Exercise prompt:
Search the entries below for "Nike SB Dunk". Give that line and all the lines after it again, exactly, through the last, without pictures.

Source information:

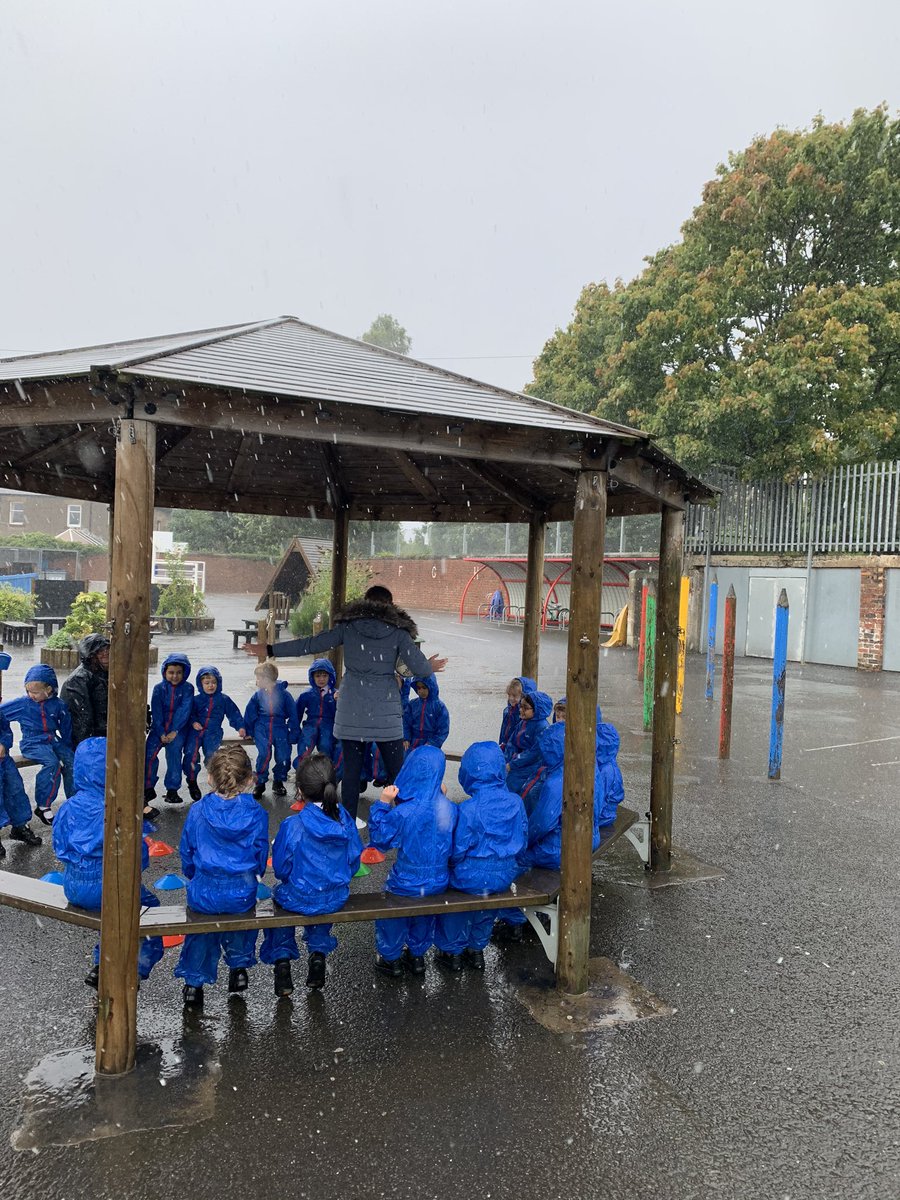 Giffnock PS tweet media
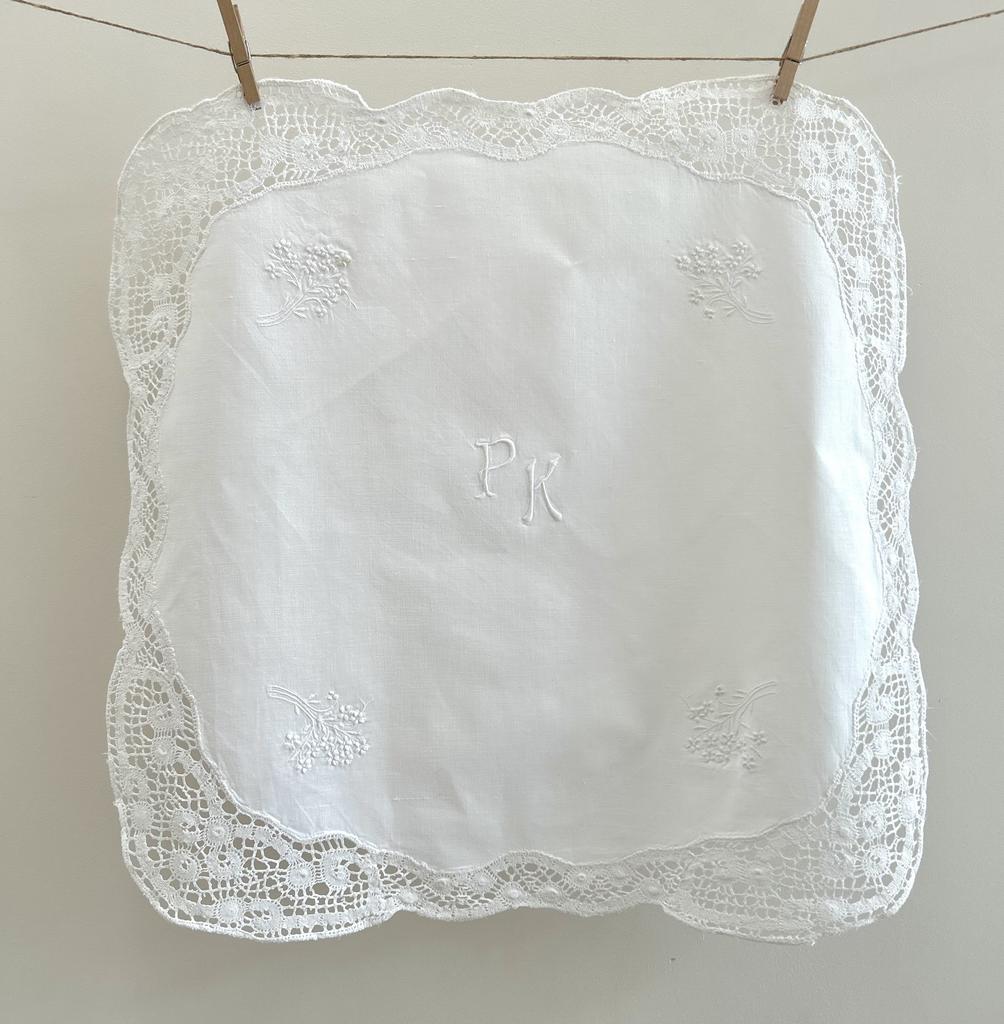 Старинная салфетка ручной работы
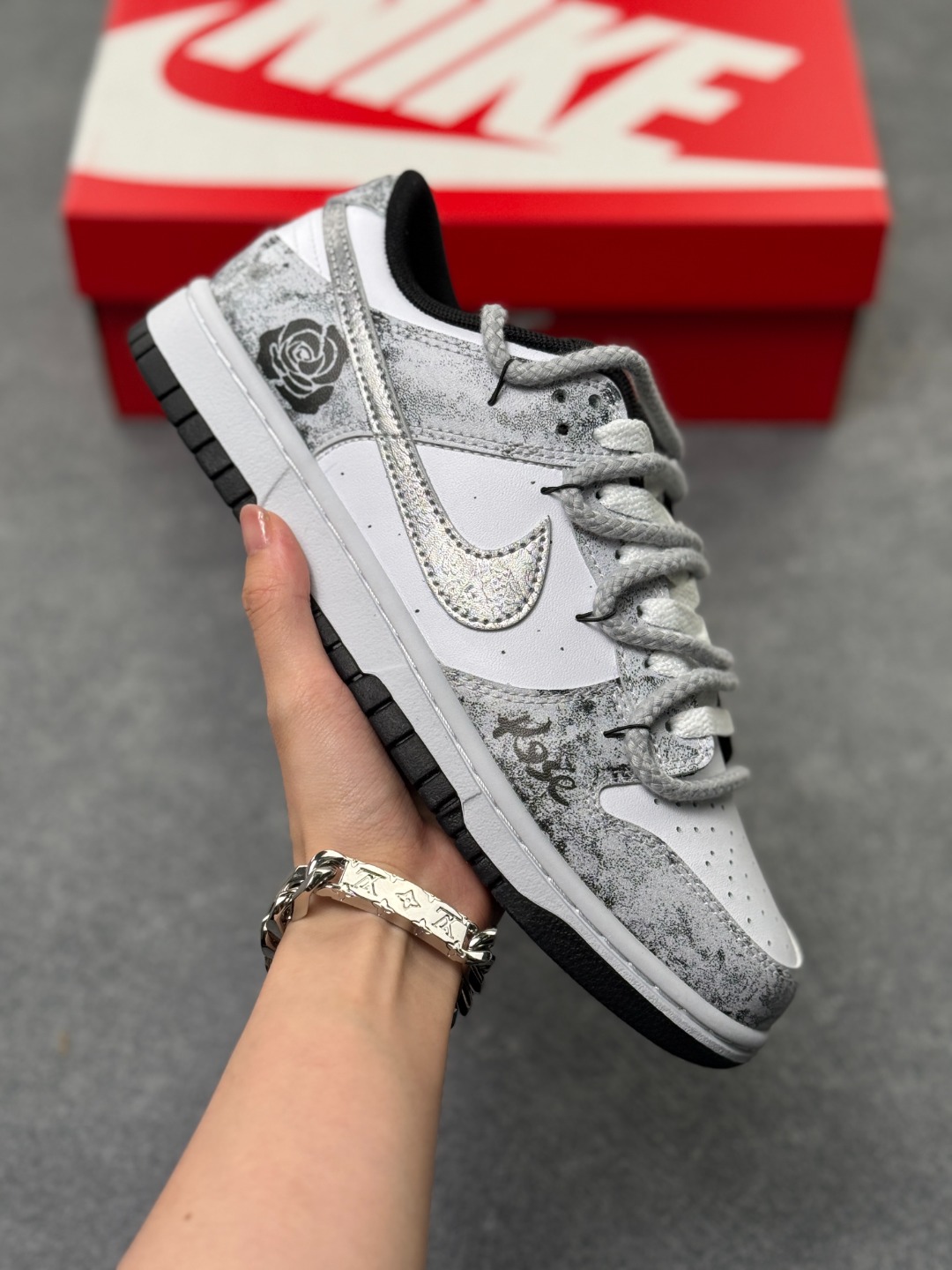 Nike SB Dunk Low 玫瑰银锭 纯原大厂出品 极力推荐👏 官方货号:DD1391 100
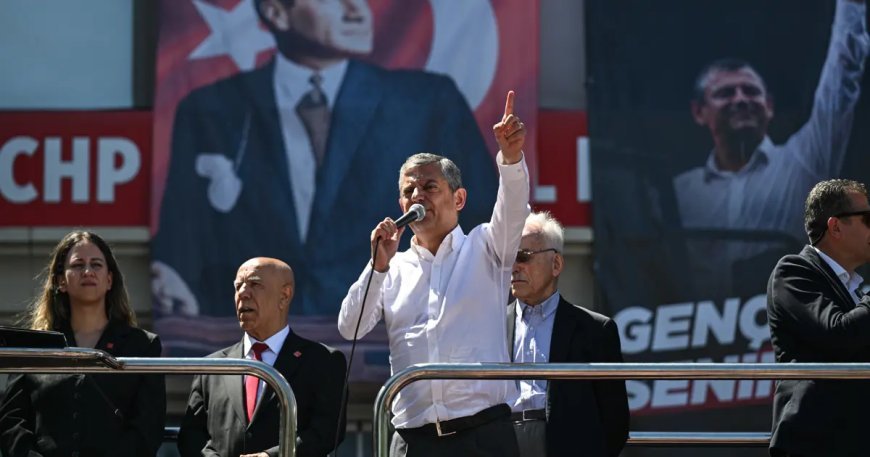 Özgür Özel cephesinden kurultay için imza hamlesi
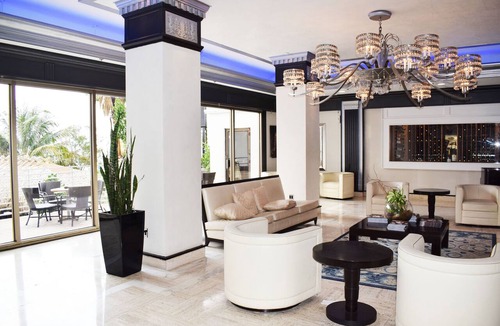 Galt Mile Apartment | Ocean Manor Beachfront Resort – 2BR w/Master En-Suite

Task solution:
 Nike SB Dunk Low 玫瑰银锭 纯原大厂出品 极力推荐👏 官方货号:DD1391 100
 Özgür Özel cephesinden kurultay için imza hamlesi
 Galt Mile Apartment | Ocean Manor Beachfront Resort – 2BR w/Master En-Suite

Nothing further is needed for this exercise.